Dataset records:
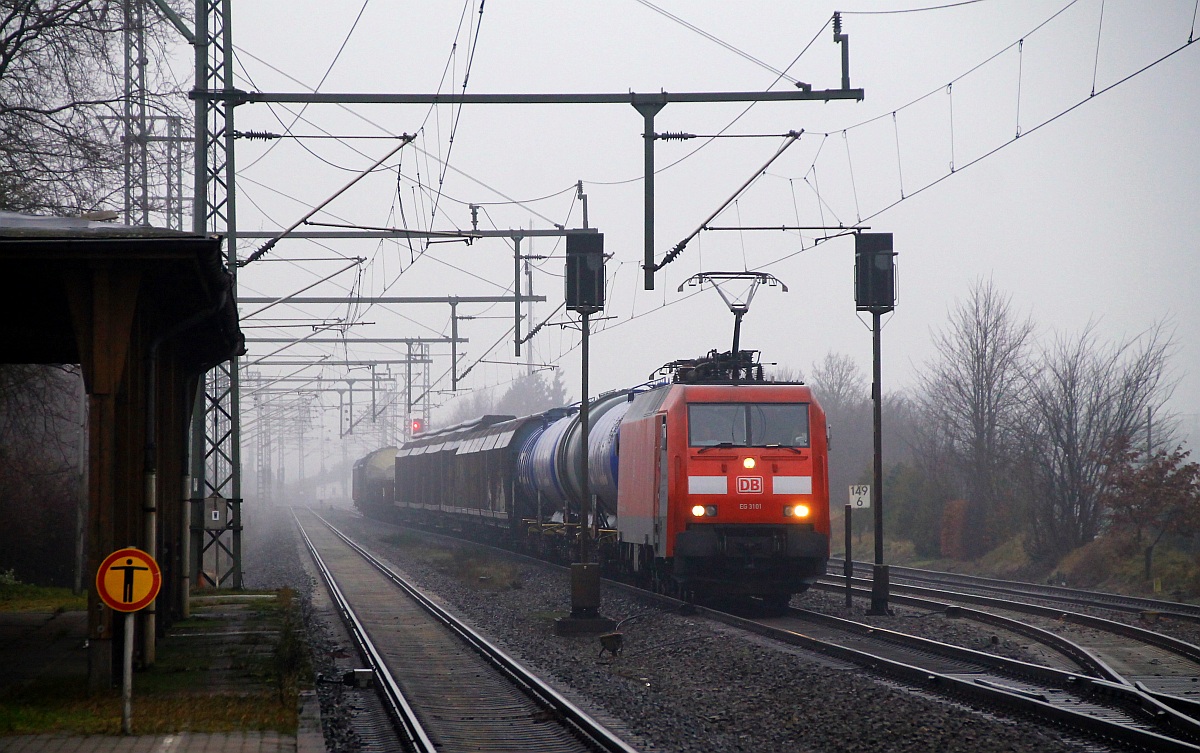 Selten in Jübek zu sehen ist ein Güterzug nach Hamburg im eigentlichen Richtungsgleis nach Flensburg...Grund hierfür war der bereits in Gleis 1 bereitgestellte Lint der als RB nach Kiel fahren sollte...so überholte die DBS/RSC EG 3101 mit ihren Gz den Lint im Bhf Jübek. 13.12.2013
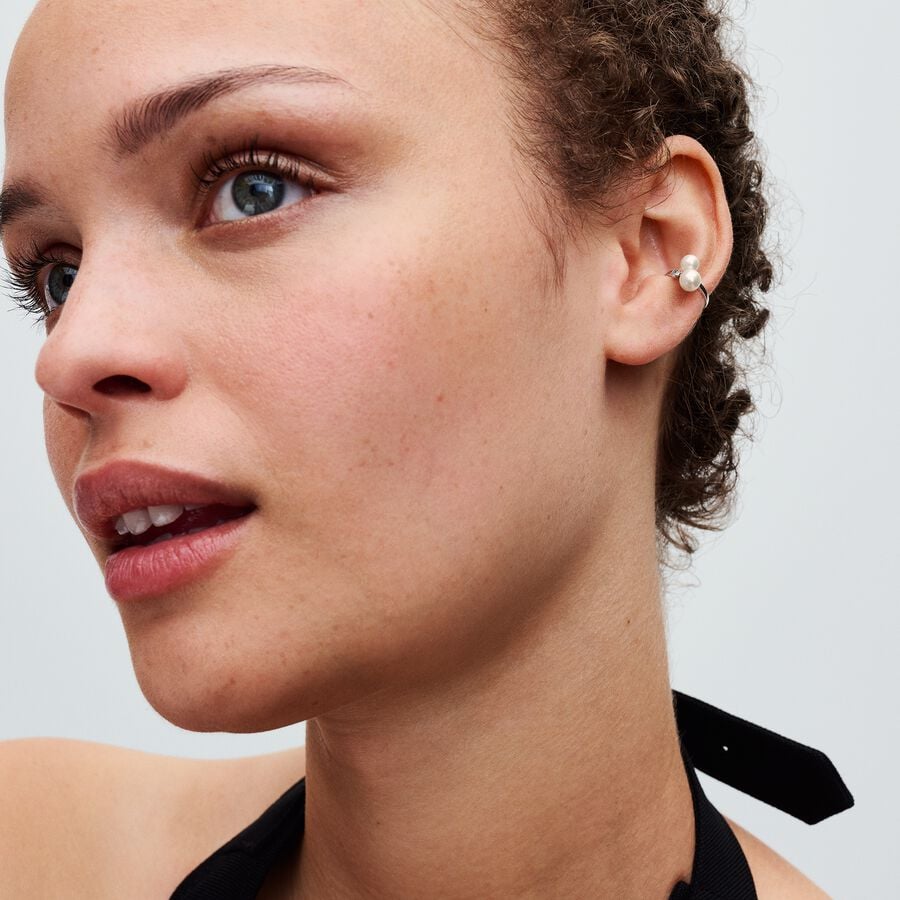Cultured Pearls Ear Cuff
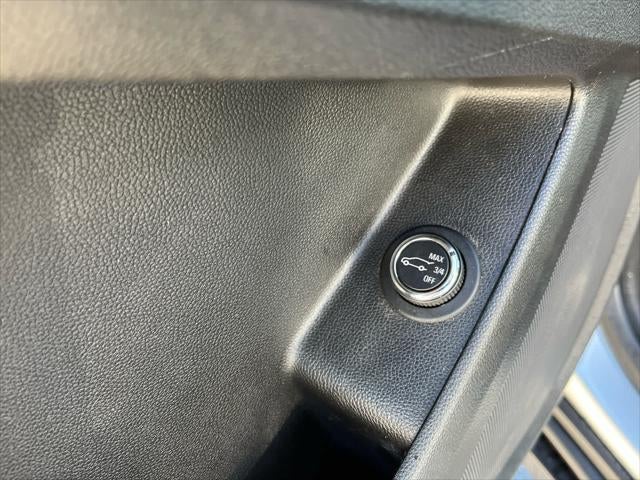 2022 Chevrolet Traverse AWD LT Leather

---

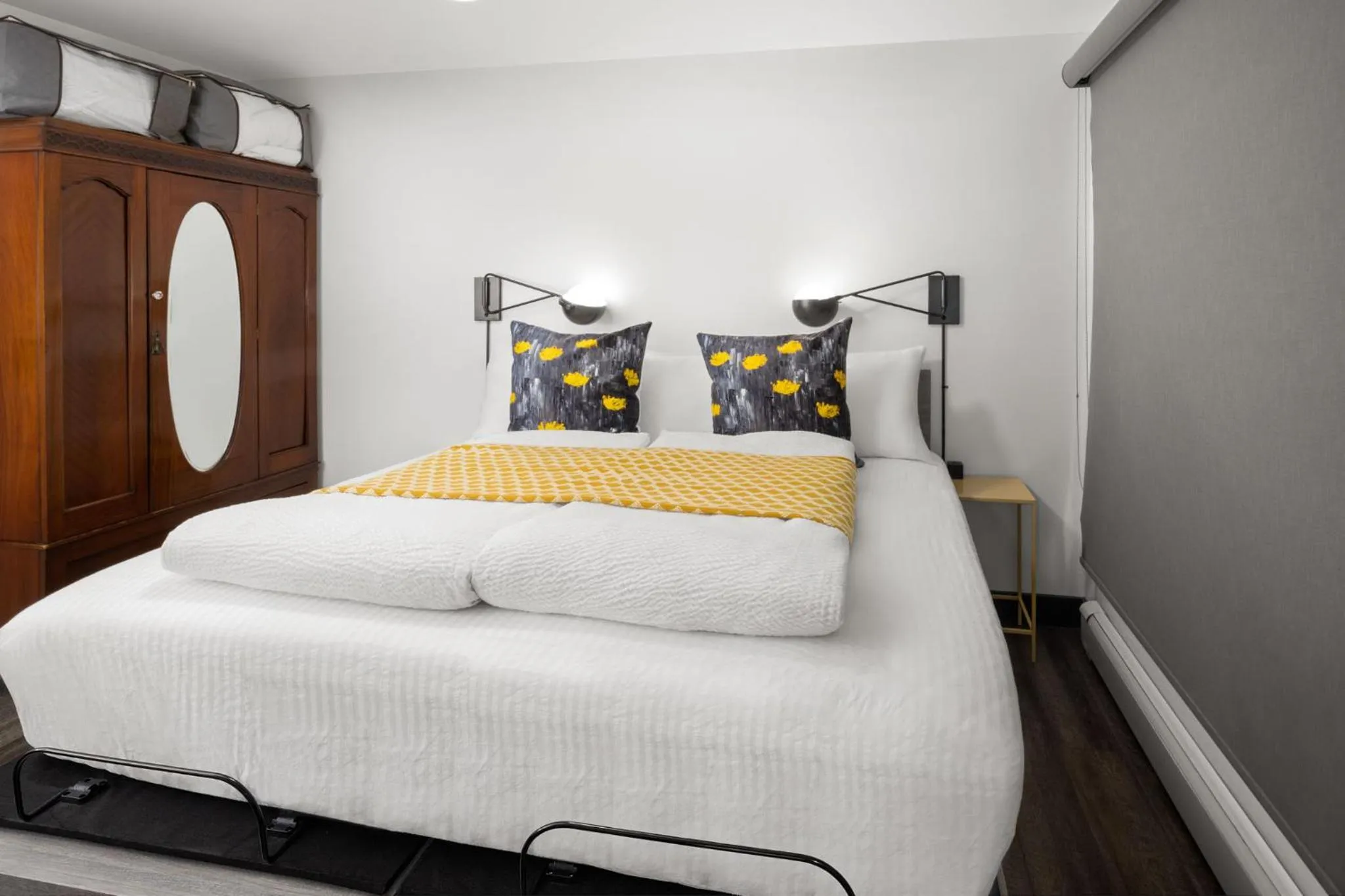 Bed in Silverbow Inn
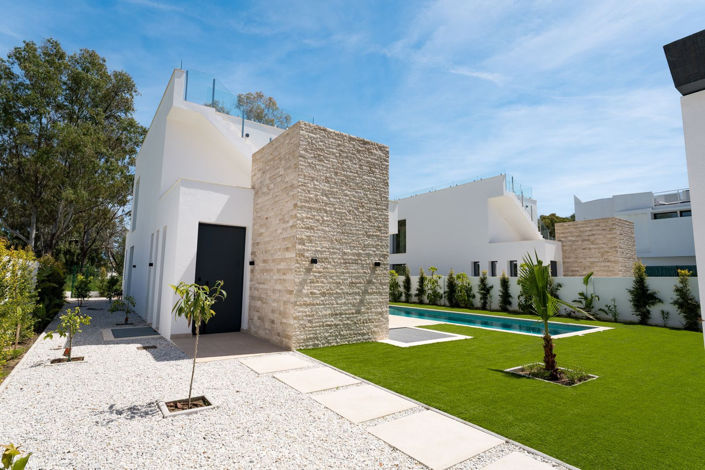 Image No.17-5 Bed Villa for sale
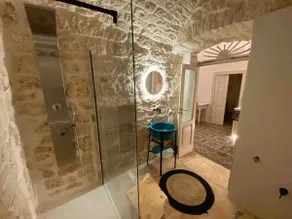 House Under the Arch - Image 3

Directions: Start with the line above containing "Selten in Jübek" and end with the line containing "2022 Chevrolet Traverse AWD LT Leather". Set down that stretch exactly, without any pictures.

Final answer:
 Selten in Jübek zu sehen ist ein Güterzug nach Hamburg im eigentlichen Richtungsgleis nach Flensburg...Grund hierfür war der bereits in Gleis 1 bereitgestellte Lint der als RB nach Kiel fahren sollte...so überholte die DBS/RSC EG 3101 mit ihren Gz den Lint im Bhf Jübek. 13.12.2013
Cultured Pearls Ear Cuff
 2022 Chevrolet Traverse AWD LT Leather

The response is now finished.